TASK DESCRIPTION → In the records below, begin at the line containing "The Dubbo region" and end at the line containing "Flamengo x Olimpia"; quote every line in that span exactly, including both boundary lines, and no others.

RECORDS →
○ ○ ○ ○ ○ ○ ○
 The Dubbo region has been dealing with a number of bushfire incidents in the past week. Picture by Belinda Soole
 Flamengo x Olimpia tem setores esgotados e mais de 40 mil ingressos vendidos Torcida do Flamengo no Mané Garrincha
○ ○ ○ ○ ○ ○ ○
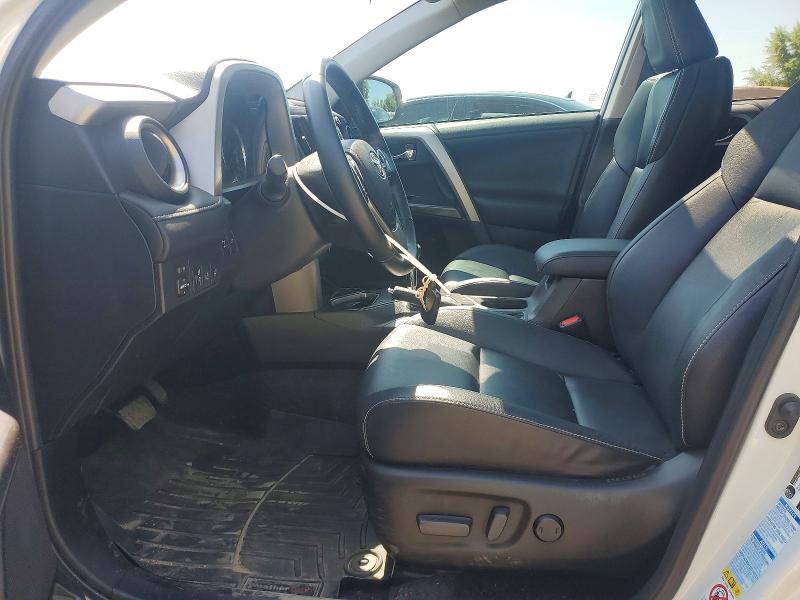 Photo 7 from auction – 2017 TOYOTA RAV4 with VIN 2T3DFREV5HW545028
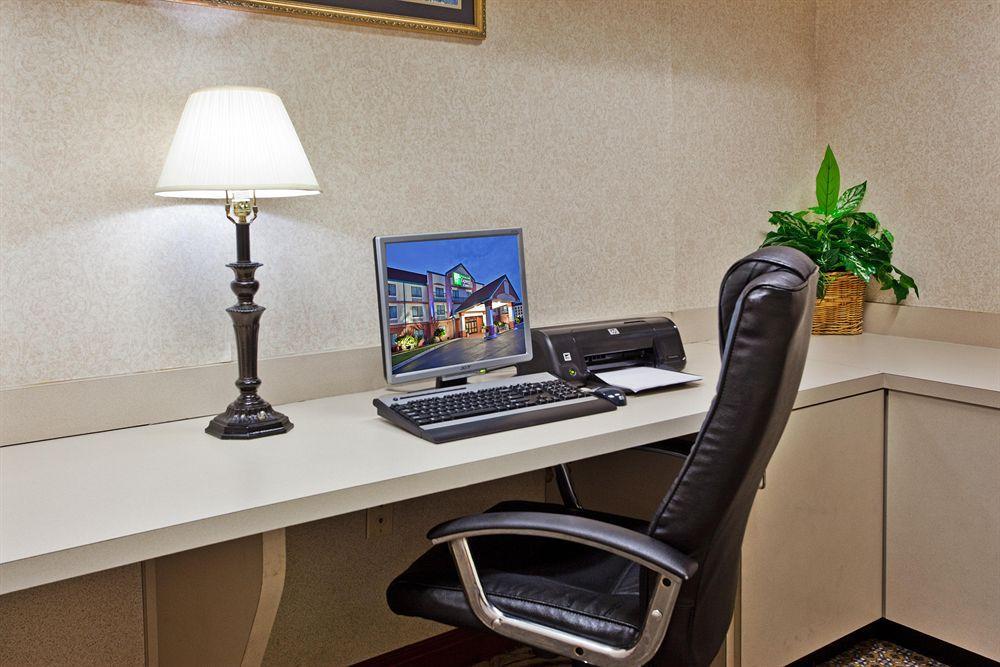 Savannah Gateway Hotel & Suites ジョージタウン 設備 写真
○ ○ ○ ○ ○ ○ ○
TASK OUTPUT →
 The Dubbo region has been dealing with a number of bushfire incidents in the past week. Picture by Belinda Soole
 Flamengo x Olimpia tem setores esgotados e mais de 40 mil ingressos vendidos Torcida do Flamengo no Mané Garrincha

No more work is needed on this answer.